> _Task description_:
Your copy of the data below must be exact and must leave out all pictures.

[Crawled caption data]
□ □ □
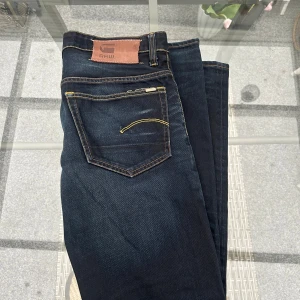 G-Star RAW 3301 herrjeans W33 L32 – mörk denim, slim känsla - Säljer G-Star RAW 3301 herrjeans i storlek W33 L32. Mörk denim med slim känsla och klassiska G-Star-detaljer som kontrastsömmar och ikoniska bakfickor. Bekvämt bomullstyg med lite stretch som ger en snygg passform och premiumkänsla. Fint skick och perfekt för dig som gillar stilrena kvalitetsjeans. 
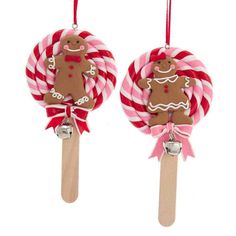 two lollipops decorated with gingerbread and candy canes are hanging from hooks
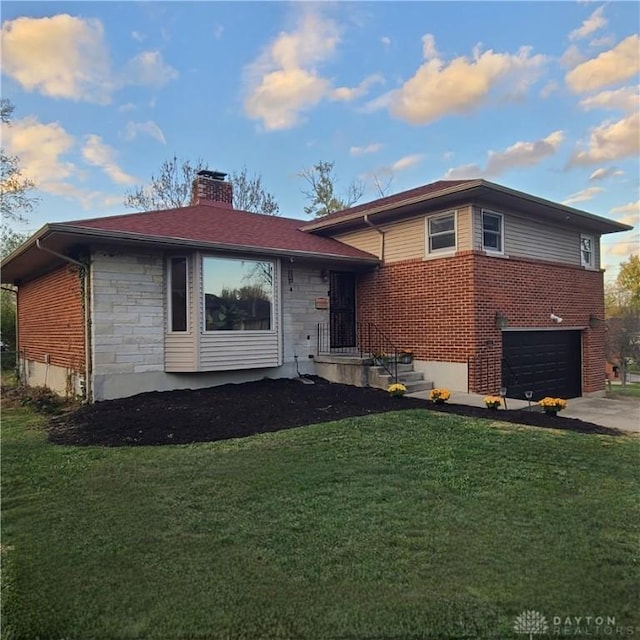 split level home featuring driveway, a garage, stone siding, a chimney, and a front yard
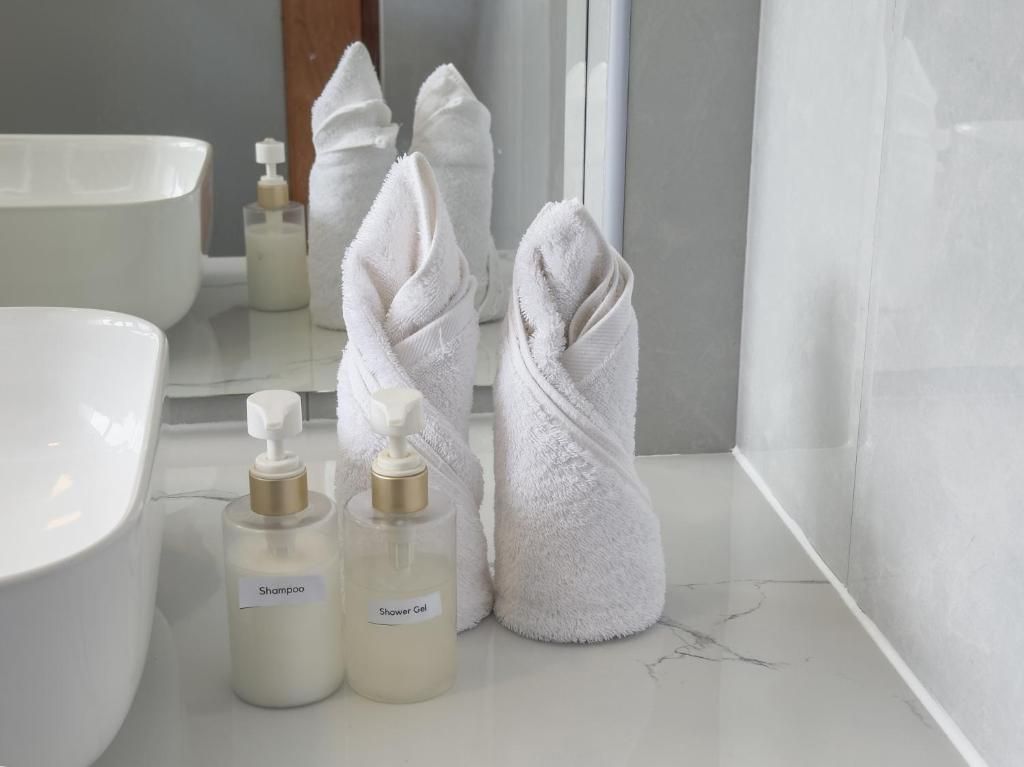 Un baño con un lavamanos blanco, dos botellas de artículos de aseo y una toalla.
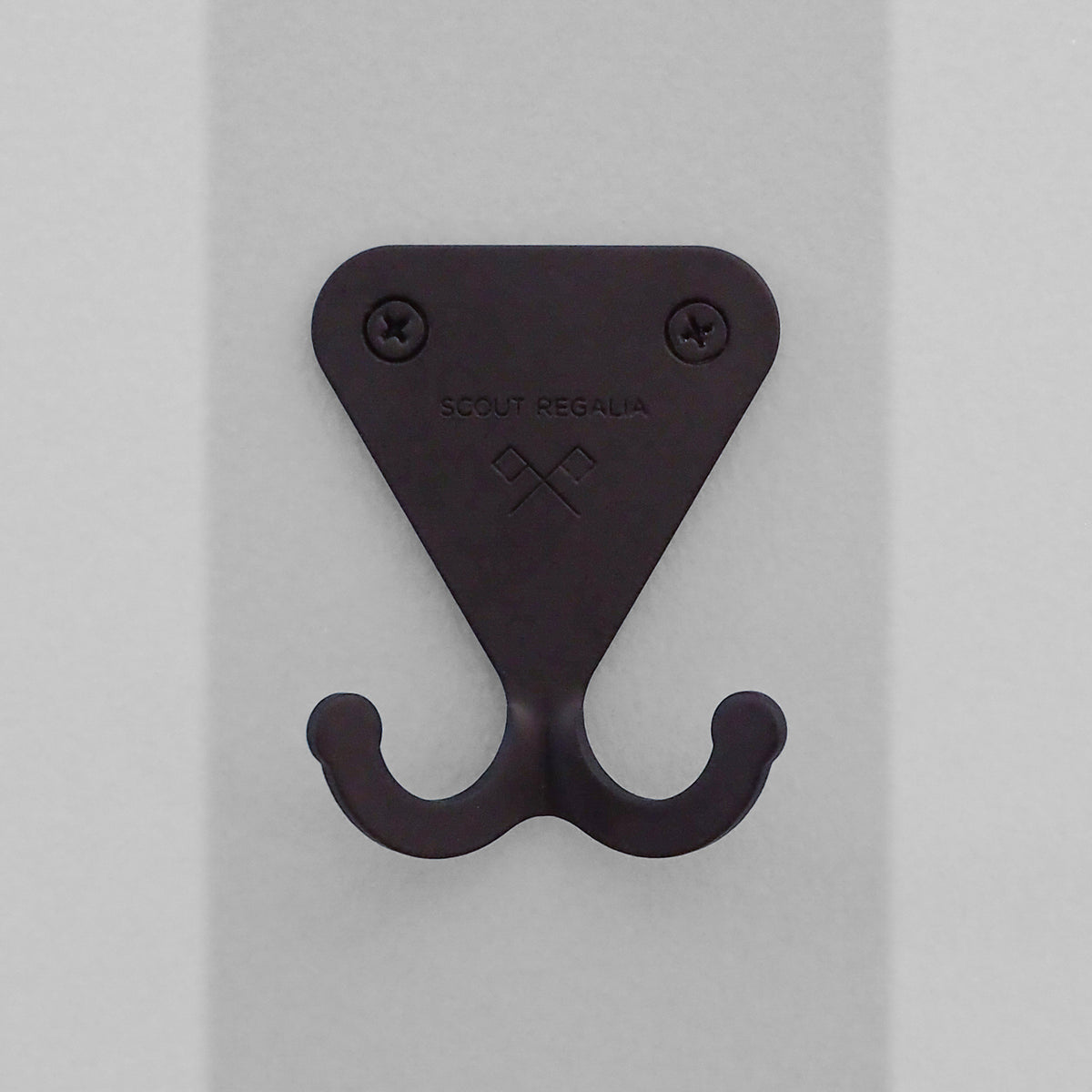Matte Black S.R. Wall Hook on a light grey striped background.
□ □ □
> _Completed exercise_:
 G-Star RAW 3301 herrjeans W33 L32 – mörk denim, slim känsla - Säljer G-Star RAW 3301 herrjeans i storlek W33 L32. Mörk denim med slim känsla och klassiska G-Star-detaljer som kontrastsömmar och ikoniska bakfickor. Bekvämt bomullstyg med lite stretch som ger en snygg passform och premiumkänsla. Fint skick och perfekt för dig som gillar stilrena kvalitetsjeans. 
 two lollipops decorated with gingerbread and candy canes are hanging from hooks
 split level home featuring driveway, a garage, stone siding, a chimney, and a front yard
 Un baño con un lavamanos blanco, dos botellas de artículos de aseo y una toalla.
Matte Black S.R. Wall Hook on a light grey striped background.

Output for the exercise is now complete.